According to a study released by the National Center on Adiction and Substance Abuse (CASA) at Columbia University, teens between the ages of 12-17 who use social media on any given day are five times more likely to smoke cigarettes, three times more likely to drink alcohol, twice as likely to fire up a doob, and almost three times likelier to be able to get controlled prescription drugs without a prescription. They’re more than twice as likely to be able to get alcohol in a day or less and much likelier to have friends and classmates who abuse illegal and prescription drugs than teens this age who don’t use social media.
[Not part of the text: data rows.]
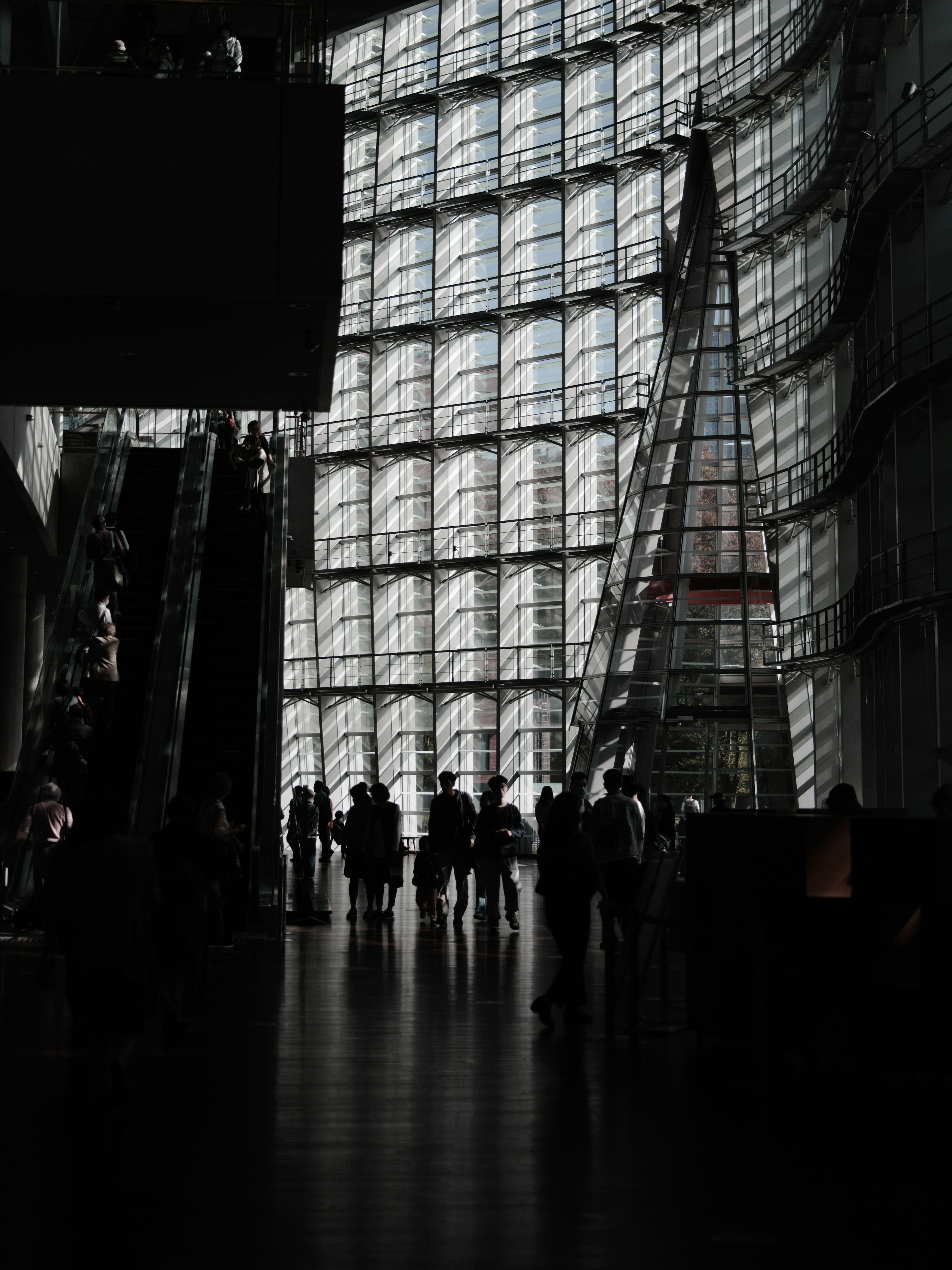 Silhouettes de personnes à l'intérieur d'un bâtiment moderne avec de grandes fenêtres en verre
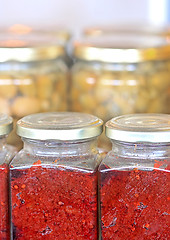 Image showing The jars with olives and paprika.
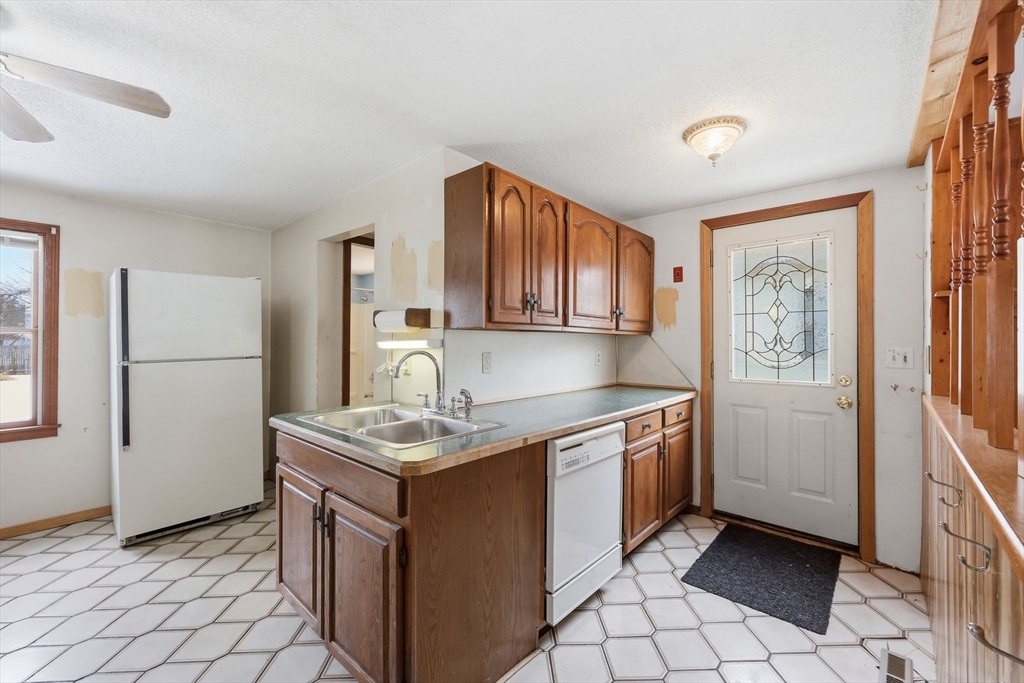 56 Percy Street Chicopee, MA 01020 - Photo 11 of 42 a kitchen with stainless steel appliances granite countertop a sink stove and refrigerator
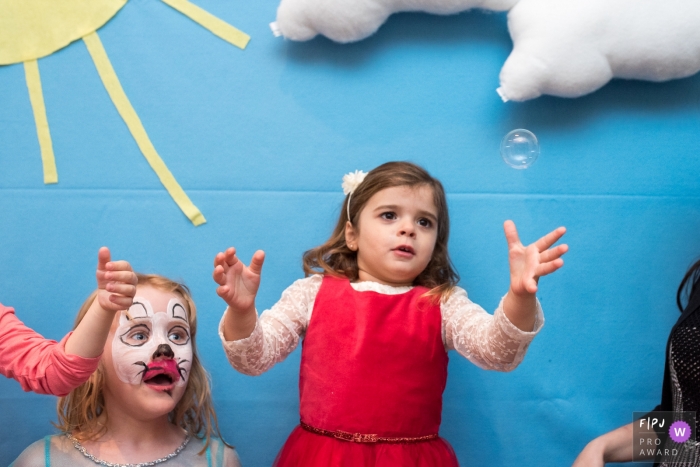 Une jeune fille essaie de faire éclater une bulle, tandis qu'une fille au visage peint représente sur cette photo un photojournaliste de la famille de Lisbonne, au Portugal.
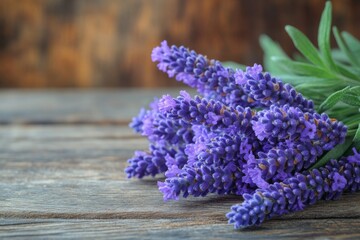 Fototapeta premium Lavender sprigs rest beautifully on a weathered wooden surface, creating a calming atmosphere full of natural warmth and rustic beauty Generative AI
That’s because those losers have no friends.
I’M KIDDING.
Reality programming—called “suggestive teen programming”—is also reportedly an influencing factor (surprise!), in that one third of teens (32 percent) watch teen reality shows like Jersey Shore, Teen Mom, or 16 and Pregnant or teen dramas like Skins or Gossip Girl in a typical week. Joseph A. Califano, Jr., CASA Columbia’s Founder and Chairman and former U.S. Secretary of Health, Education, and Welfare, says:
“The relationship of social networking site images of kids drunk, passed out, or using drugs and of suggestive teen programming to increased teen risk of substance abuse offers grotesque confirmation of the adage that a picture is worth a thousand words. The time has come for those who operate and profit from social networking sites like Facebook to deploy their technological expertise to curb such images and to deny use of their sites to children and teens who post pictures of themselves and their friends drunk, passed out or using drugs. Continuing to provide the electronic vehicle for transmitting such images constitutes electronic child abuse.”
Compared to teens who do not watch such programs, they are twice as likely to use tobacco, almost twice as likely to use alcohol, more than one-and-a-half times likelier to use marijuana, twice as likely to be able to get marijuana within a day or less, and more than one-and-a-half times likelier to be able to get prescription drugs without a prescription within a day or less.
Dang. Need a pharma treat? You don’t even need to go downtown anymore, just hit up the babysitter.
This is CASA’s 16th annual Back to School survey.
But don’t put little Kaieleigh or Bentlee on lockdown just yet. Some researchers have rightly cast a side-eye as to whether online activity actually puts teens at risk for drug use, saying the link between the two behaviors doesn’t suggest social media use encourages drug or alcohol abuse use. Kids who do not use any form of social media can still be exposed to these pictures, probably because they are kids and this kind of shit happens sometimes when you’re a kid. According to a blog post on SFGate:
The research wasn’t set up to determine a cause and effect ”in part because human will – the individual’s decision to use illegal drugs, alcohol and tobacco – always comes into play,” Steve Wagner of QEV Analytics, a Washington, D.C., research firm that was affiliated with the study.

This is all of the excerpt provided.